ロシア「愛国主義教育」による道徳の欠如…スポーツ界もドップリ、「Z」マーク装着の波紋
「Z」マークといえば、ロシアのプーチン大統領によるウクライナ侵攻を支持する象徴。ロシア国内では車やバス停など至る所に「Z」が拡散している。
■プルシェンコ以外にも「Z」マーク
スポーツ界も例外ではない。先日、体操の種目別W杯(ドーハ)に出場し、平行棒で銅メダルを獲得したロシアのイワン・クリアクがユニホームに「Z」マークのテープを貼った問題に対し、国際体操連盟(FIG)は体操倫理財団へ懲戒手続きを要請した。
クリアクは昨年、ロシア軍の軍事訓練を受けたという。この種目で優勝したウクライナ選手とは握手することなく降壇。本人はロシアのテレビ局に「もう一度チャンスがあれば同じことをするだろう」と語ったという。

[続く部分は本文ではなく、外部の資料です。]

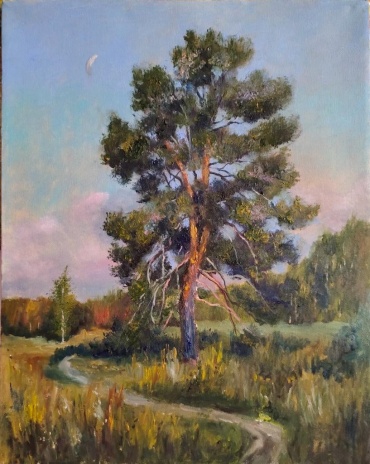 Картина Летний день 40x50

戦争が泥沼化する中、ロシアのアスリートによる愛国メッセージが異彩を放っている。トリノ五輪フィギュアスケート男子シングル金メダリストの“皇帝”プルシェンコは最たるもの。自身のSNSで「大統領を信じている」「何も恥じることはない。ロシア人であることを誇れ。人種差別をやめろ! 虐殺をやめろ! ファシズムをやめろ!」と投稿するなど物議を醸している。
幼児にナイフの使い方を指南
暴挙を犯す国とそのトップに対するロシア国民の揺るぎなき忠誠心の礎は、ロシアに長く深く根を下ろす愛国主義教育にあるという。ロシア情勢に詳しい筑波大教授の中村逸郎氏が言う。

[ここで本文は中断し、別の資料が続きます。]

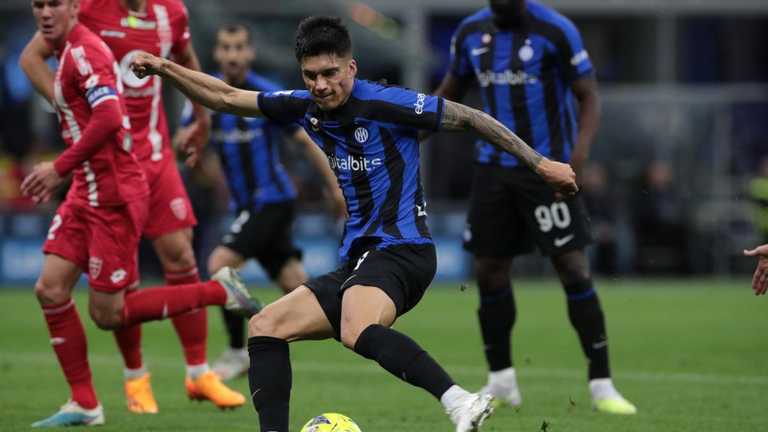 Інтер програв Монці / фото ФК Інтер Інтер програв Монці / фото ФК Інтер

「日本の学校で当たり前のようにある『道徳』の授業はロシアには存在しません。あるのは『愛国教育』だけ。日本では、地下鉄や電車に乗るとき『他のお客さまのご迷惑になるため……』というアナウンスがありますよね。ロシアの人たちはこれに驚き、疑問を抱く。つまり、他の人の迷惑を考えるというのが一般的な道徳とすれば、そういうものは持ち合わせていない。ロシアでは法律で禁じられていないことは何をやってもいいという考えが根強いのです」
銃社会ではない日本では考えられないが、学校では退役軍人による機関銃のレクチャーが行われているそうだし、子どもに銃の組み立て、分解の仕方を学ばせようとする動きすらあった。近年は愛国主義教育が強化されているのが実情だ。

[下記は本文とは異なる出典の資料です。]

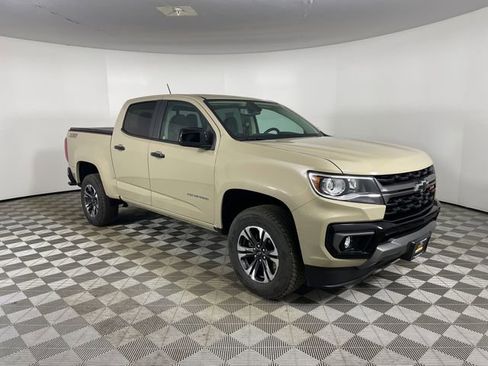 Certified 2022 Chevrolet Colorado Z71 image 26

「私が2020年2月にモスクワへ行ったときは、コサックと呼ばれる先兵隊の人たちが街中の公園で3~4歳の子どもに対して刃物の使い方を教えていました。『こうやって使うんだ、握ってみろ』と言って、外敵から守る方法を指南しているのです」(中村氏)
日本でも人気の女子フィギュアスケートのザギトワらがそんな教育を受けていると想像したらゾッとする。